The ADAM Stack Model¶
The stack model that ADAM is based upon was introduced in (Massie et al. 2013) and further refined in (F. A. Nothaft et al. 2015), and is depicted in the figure below. This stack model separates computational patterns from the data model, and the data model from the serialized representation of the data on disk. This enables developers to write queries that run seamlessly on a single node or on a distributed cluster, on legacy genomics data files or on data stored in a high performance columnar storage format, and on sorted or unsorted data, without making any modifications to their query. Additionally, this allows developers to write at a higher level of abstraction without sacrificing performance, since we have the freedom to change the implementation of a layer of the stack in order to improve the performance of a given query.
This stack model is divided into seven levels. Starting from the bottom, these are:
- The physical storage layer is the type of storage media (e.g., hard disk/solid state drives) that are used to store the data.
- The data distribution layer determines how data are made accessible to all of the nodes in the cluster. Data may be made accessible through a POSIX-compliant shared file system such as NFS (Sandberg et al. 1985), a non-POSIX file system that implements Hadoop’s APIs (e.g., HDFS), or through a block-store, such as Amazon S3.
- The materialized data layer defines how the logical data in a single record maps to bytes on disk. We advocate for the use of Apache Parquet, a high performance columnar storage format based off of Google’s Dremel database (Melnik et al. 2010). To support conventional genomics file formats, we exchange the Parquet implementation of this layer with a layer that maps the given schema into a traditional genomics file format (e.g., SAM/BAM/CRAM, BED/GTF/GFF/NarrowPeak, VCF).
- The schema layer defines the logical representation of a datatype.

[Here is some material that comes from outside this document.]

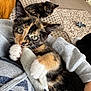 kitten, tortoiseshell, cat, pet_toy, couch, blanket, carpet, indoor, cozy, sleeping_cat, paw, human_arm, clothing, pattern, playing, animal, furry, cute, resting, home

- The evidence access layer is the software layer that implements and executes queries against data stored on disk. While ADAM was originally built around Apache Spark’s Resilient Distributed Dataset (RDD) API (Zaharia et al. 2012), ADAM has recently enabled the use of Spark SQL (Armbrust et al. 2015) for evidence access and query.

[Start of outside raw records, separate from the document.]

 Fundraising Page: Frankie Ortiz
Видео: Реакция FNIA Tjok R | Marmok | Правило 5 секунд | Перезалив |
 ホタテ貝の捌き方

- The presentation layer provides high level abstractions for interacting with a parallel collection of genomic data. In ADAM, we implement this layer through the GenomicDataset classes. This layer presents users with a view of the metadata associated with a collection of genomic data, and APIs for transforming and joining genomic data. Additionally, this is the layer where we provide cross-language support.
- The application layer is the layer where a user writes their application on top of the provided APIs.
Our stack model derives its inspiration from the layered Open Systems Interconnection (OSI) networking stack (Zimmermann 1980), which eventually served as the inspiration for the Internet Protocol stack, and from the concept of data independence in database systems. We see this approach as an alternative to the “stack smashing” commonly seen in genomics APIs, such as the GATK’s “walker” interface (McKenna et al. 2010). In these APIs, implementation details about the layout of data on disk (are the data sorted?) are propagated up to the application layer of the API and exposed to user code. This limits the sorts of queries that can be expressed efficiently to queries that can easily be run against linear sorted data. Additionally, these “smashed stacks” typically expose very low level APIs, such as a sorted iterator, which increases the cost to implementing a query and can lead to trivial mistakes.